Luke Johnson (OC 1987)
Cutler
How did Cranbrook set you up for life after school:
I was born in Papua New Guinea and the experience of living there until I was 7 and a half years old shaped me in ways that Cranbrook expanded upon positively. Thanks to a really creative older sister, I was already engaged with drawing, painting and making things when I walked through the New South Head Road Gates for the first time. However I was very fortunate that at Cranbrook there was an established culture of teaching and learning that valued creative arts. It was at Cranbrook that I experienced the excellent art teaching of Mrs Ulm in the Junior School and then Mr Gregory in the Senior School. Both of these teachers equipped me with creative insights and technical skills that I have drawn upon throughout my post-school life.
Favourite memory/teacher/moment at Cranbrook:
I retain many strong memories from eleven years of schooling at Cranbrook. One memory that comes back to me often is walking into an art class (in the now demolished Mansfield Building) and seeing my art teacher, Mr Richard Gregory, drawing a large format chalk illustration on the blackboard of a significant building from architectural history. I was struck by the three-dimensional quality of the drawing and at the same time I had a sense of the inevitable, that I could do that kind of drawing too. That single memorable experience from Cranbrook often returns to me when I am doing a large scale architectural drawing across a white board or screen.
University/College:
School of Architecture, University of NSW
Current Occupation:
Designer of complex built environments. Some people call it Architecture but for me it encompasses architecture, landscape architecture and urban design as well.
Career Highlight:
Architecture is absolutely a collaborative art form so any career highlight is intimately connected with the contributions of many others: my architecture colleagues, engineers, builders and clients. A recurring highlight for me is returning again and again to a favourite building that we realised and experiencing how that building continues to get better with age. It’s like revisiting a friend. With completed buildings in Australia and Japan, I have these kind of friends in many interesting places.
What motivates you in your work:
Creating built environments that connect with their specific place. Buildings generally don’t move around. They are physically embedded in their surrounding context so it follows that built environments are best realised when they have a positive relationship with their context. That is, when they intrinsically belong to their place.
Tell us something about yourself that no one really knows:
I can eskimo roll a sea kayak ten kilometres off the coastline.

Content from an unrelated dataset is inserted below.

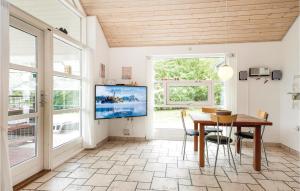 HelberskovにあるAmazing Home In Hadsund With 5 Bedrooms, Sauna And Wifiのダイニングルーム(テーブル、テレビ付)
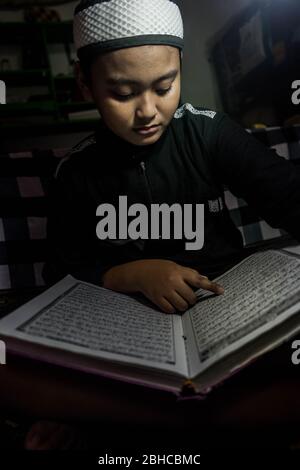 Makassar, Sulawesi del Sud, Indonesia. 25 Aprile 2020. Un ragazzo sta leggendo il Corano seriamente nella sua stanza durante Ramadan mentre aspetta il Breaking the Fast a Makassar, nella provincia di Sulawesi del Sud, Indonesia. Nel mese del Ramadan, ogni musulmano effettua il digiuno ed anche l'altro culto come la lettura del Corano e fare il dhikr per riempire il tempo libero, particolarmente durante l'epidemia di Covid-19. Credit: Herwin Bahar/ZUMA Wire/Alamy Live News Foto Stock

What would you have liked to achieve in the next ten years:
As a parent of three boys who will all be at Cranbrook together next year (!!!) I am really looking forward to their achievements over the next ten years. Seeing them develop into independent adults with purposeful lives is the aim that I look forward to each of them achieving in their own unique ways.
What advice would you give your Year 7 self:
Keep drawing. It’s a beautiful and rewarding endeavour.